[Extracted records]
* * * * * * *
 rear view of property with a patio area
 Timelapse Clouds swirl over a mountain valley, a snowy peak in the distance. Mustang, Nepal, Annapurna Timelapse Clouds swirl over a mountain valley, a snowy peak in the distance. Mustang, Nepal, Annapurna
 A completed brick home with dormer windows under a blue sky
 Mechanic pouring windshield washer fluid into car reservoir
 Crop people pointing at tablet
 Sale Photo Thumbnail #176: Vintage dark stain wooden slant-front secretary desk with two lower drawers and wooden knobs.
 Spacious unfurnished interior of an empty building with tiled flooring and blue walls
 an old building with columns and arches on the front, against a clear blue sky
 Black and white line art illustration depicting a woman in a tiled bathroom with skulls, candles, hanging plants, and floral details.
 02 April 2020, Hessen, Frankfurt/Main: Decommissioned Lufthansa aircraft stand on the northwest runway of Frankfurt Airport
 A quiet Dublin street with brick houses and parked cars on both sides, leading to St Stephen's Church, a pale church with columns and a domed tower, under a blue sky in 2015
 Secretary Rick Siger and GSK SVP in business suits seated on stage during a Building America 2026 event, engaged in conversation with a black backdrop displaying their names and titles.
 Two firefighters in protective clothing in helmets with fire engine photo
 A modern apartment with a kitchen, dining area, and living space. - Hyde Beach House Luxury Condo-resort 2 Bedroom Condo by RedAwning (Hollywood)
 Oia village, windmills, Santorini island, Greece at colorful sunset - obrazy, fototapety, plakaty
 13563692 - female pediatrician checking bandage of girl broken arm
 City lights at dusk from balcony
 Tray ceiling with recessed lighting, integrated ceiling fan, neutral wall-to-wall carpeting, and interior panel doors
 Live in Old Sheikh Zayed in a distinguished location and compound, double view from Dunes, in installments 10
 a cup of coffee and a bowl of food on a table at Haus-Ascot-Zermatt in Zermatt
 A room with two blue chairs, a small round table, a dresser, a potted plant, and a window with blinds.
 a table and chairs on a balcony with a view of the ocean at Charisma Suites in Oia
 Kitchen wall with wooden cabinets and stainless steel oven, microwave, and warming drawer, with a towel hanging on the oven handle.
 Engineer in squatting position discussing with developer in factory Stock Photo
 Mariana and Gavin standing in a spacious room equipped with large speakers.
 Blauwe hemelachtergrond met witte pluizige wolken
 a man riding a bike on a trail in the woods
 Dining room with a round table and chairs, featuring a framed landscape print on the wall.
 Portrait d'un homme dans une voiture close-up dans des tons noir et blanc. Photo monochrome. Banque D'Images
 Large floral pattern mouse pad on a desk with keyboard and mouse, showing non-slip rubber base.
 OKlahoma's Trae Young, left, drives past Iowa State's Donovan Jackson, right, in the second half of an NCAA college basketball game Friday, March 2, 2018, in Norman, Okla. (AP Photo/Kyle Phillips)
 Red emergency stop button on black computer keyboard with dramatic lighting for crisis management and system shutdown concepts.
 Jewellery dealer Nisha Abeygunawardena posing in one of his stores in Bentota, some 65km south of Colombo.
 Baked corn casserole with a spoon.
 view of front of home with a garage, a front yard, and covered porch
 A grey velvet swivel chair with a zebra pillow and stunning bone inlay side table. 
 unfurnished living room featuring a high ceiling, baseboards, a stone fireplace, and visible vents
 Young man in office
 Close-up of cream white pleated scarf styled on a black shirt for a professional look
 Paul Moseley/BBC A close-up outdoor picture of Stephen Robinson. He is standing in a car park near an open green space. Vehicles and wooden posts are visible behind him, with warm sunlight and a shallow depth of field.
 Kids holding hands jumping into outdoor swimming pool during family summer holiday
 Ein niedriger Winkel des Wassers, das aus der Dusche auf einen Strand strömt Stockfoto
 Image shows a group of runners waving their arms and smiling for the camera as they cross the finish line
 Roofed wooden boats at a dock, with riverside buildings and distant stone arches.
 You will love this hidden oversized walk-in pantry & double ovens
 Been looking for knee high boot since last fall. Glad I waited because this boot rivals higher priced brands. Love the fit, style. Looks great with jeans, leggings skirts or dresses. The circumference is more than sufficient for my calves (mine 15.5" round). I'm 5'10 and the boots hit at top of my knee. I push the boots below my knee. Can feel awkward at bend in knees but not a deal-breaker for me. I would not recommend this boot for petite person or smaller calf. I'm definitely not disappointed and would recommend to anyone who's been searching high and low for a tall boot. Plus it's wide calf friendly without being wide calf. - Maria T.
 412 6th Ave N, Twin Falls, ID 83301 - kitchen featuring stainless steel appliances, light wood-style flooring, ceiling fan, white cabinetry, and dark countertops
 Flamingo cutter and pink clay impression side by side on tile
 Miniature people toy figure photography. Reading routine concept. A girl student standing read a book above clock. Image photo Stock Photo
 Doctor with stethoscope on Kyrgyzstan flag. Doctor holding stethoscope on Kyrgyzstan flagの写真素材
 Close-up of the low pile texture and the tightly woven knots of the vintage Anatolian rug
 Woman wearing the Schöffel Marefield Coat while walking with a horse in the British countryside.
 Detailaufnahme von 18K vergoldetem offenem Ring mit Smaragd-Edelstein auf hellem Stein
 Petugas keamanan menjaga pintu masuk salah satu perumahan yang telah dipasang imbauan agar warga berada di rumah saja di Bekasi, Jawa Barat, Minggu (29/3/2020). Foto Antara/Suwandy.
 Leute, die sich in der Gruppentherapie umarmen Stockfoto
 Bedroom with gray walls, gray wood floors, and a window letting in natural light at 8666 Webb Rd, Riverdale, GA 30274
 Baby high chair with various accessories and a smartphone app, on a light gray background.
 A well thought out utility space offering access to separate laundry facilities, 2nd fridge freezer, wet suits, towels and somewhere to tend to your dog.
* * * * * * *
### AIM OF THE TASK
Among the entries, find every line holding "outdoor" and return it.

### RESPONSE TO THIS TASK
 Paul Moseley/BBC A close-up outdoor picture of Stephen Robinson. He is standing in a car park near an open green space. Vehicles and wooden posts are visible behind him, with warm sunlight and a shallow depth of field.
 Kids holding hands jumping into outdoor swimming pool during family summer holiday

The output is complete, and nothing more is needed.